■ **Action item**
Could you restate the whole listing below word for word, minus the pictures?

■ **Dataset content**
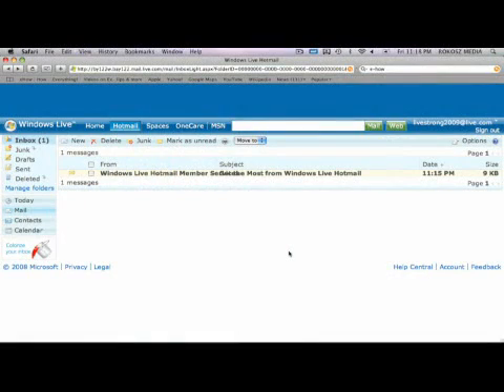First, log into your Hotmail account through the web browser by going to www.hotmail.com and logging in. You'll have to enter your email address and your password.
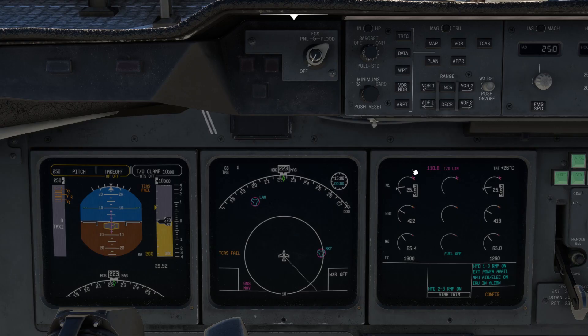Now head up to the overhead panel and switch off the APU. Let's head down to the FMC and initialize. We just need to initialize the IRS, and with that done, move down to the pedestal and activate the transponder.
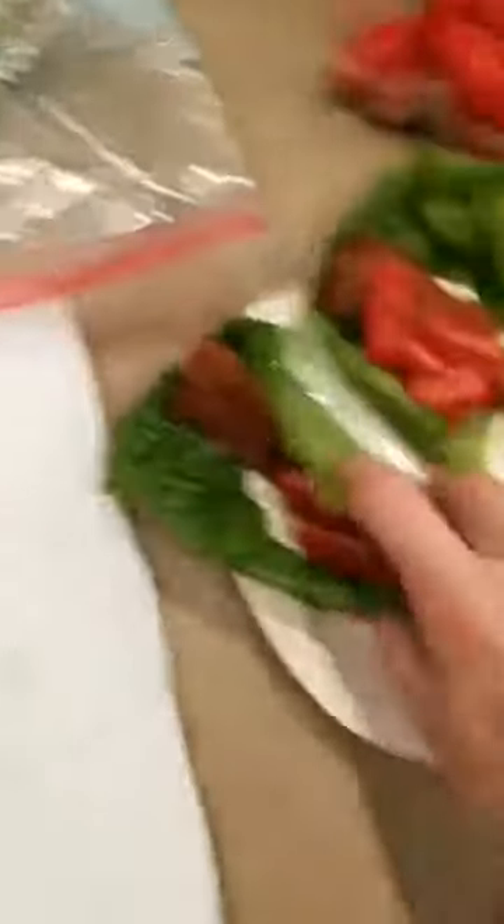You take these suckers one-handed — I'm not great at this stuff. But you've got yourself a BLT lettuce wrap in literally less than a minute. Cool. Have a good day.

■ **Result**
First, log into your Hotmail account through the web browser by going to www.hotmail.com and logging in. You'll have to enter your email address and your password.
Now head up to the overhead panel and switch off the APU. Let's head down to the FMC and initialize. We just need to initialize the IRS, and with that done, move down to the pedestal and activate the transponder.
You take these suckers one-handed — I'm not great at this stuff. But you've got yourself a BLT lettuce wrap in literally less than a minute. Cool. Have a good day.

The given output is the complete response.